Data to use:

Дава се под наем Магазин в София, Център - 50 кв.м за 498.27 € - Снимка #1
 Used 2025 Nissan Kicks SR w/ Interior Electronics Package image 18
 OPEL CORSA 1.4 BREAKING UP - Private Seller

---

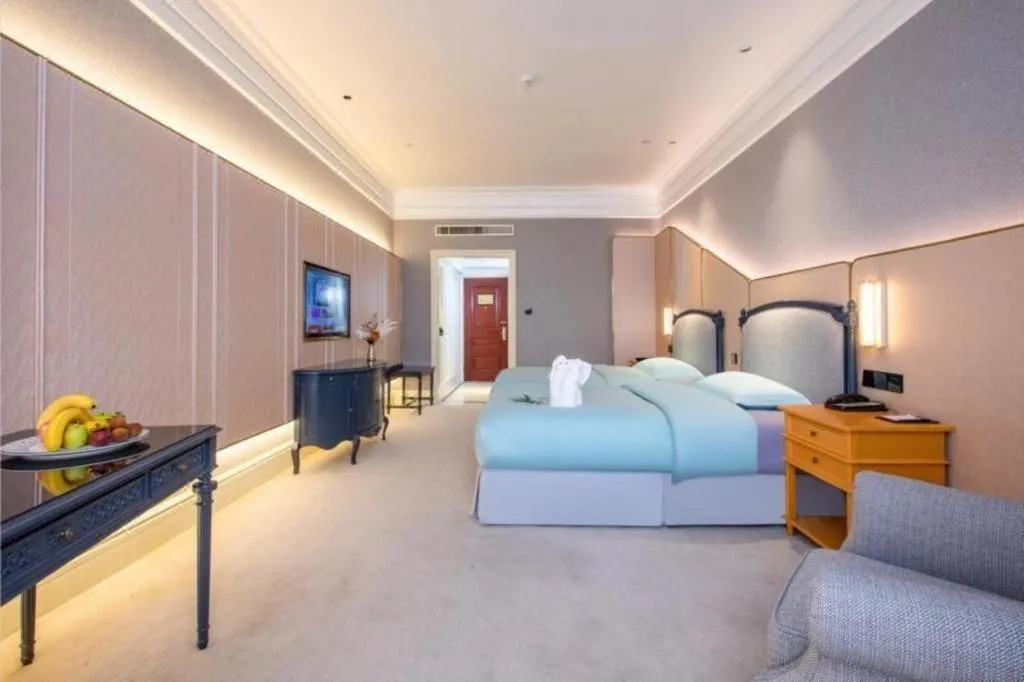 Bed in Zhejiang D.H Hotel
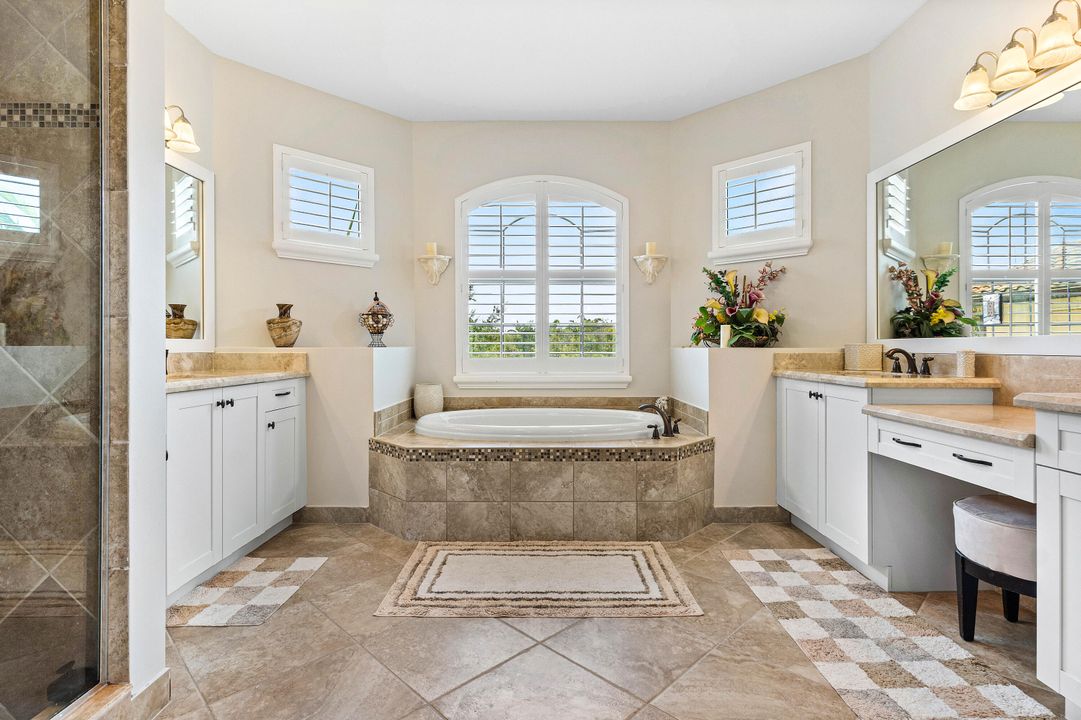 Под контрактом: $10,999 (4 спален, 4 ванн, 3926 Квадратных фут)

==

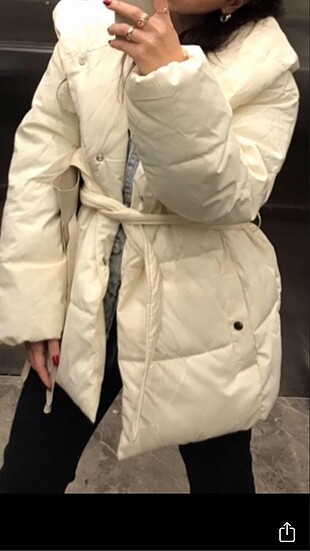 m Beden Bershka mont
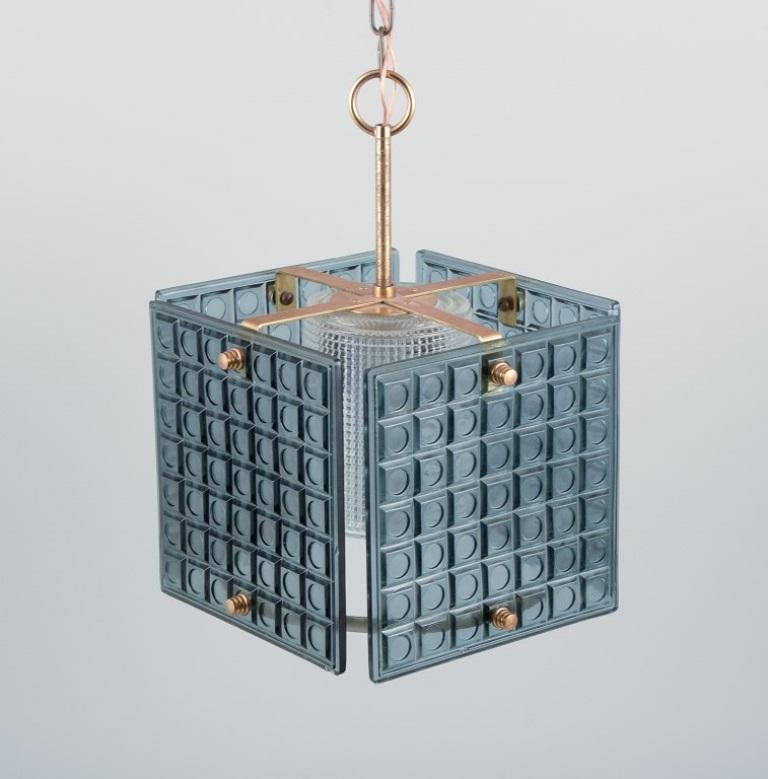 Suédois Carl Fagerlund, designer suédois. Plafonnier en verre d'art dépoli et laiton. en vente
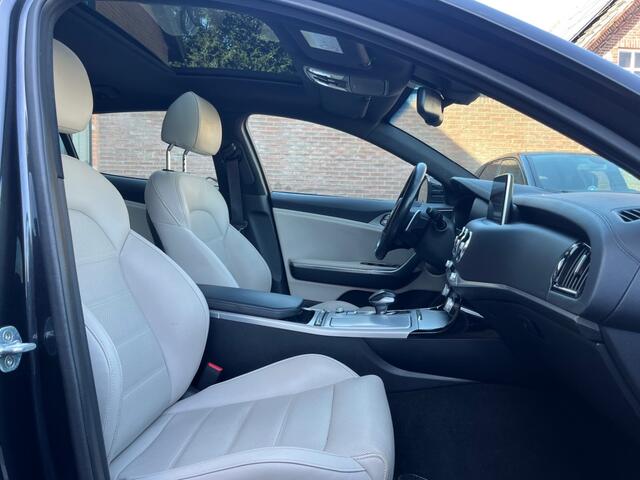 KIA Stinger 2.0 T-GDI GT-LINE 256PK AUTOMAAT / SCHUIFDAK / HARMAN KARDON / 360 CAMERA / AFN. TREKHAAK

Your instructions:
Lines from the one above containing "Suédois Carl Fagerlund, designer" down to the one containing "KIA Stinger 2.0" should be transcribed exactly, with both ends kept and no pictures.

Solution to this exercise:
 Suédois Carl Fagerlund, designer suédois. Plafonnier en verre d'art dépoli et laiton. en vente
 KIA Stinger 2.0 T-GDI GT-LINE 256PK AUTOMAAT / SCHUIFDAK / HARMAN KARDON / 360 CAMERA / AFN. TREKHAAK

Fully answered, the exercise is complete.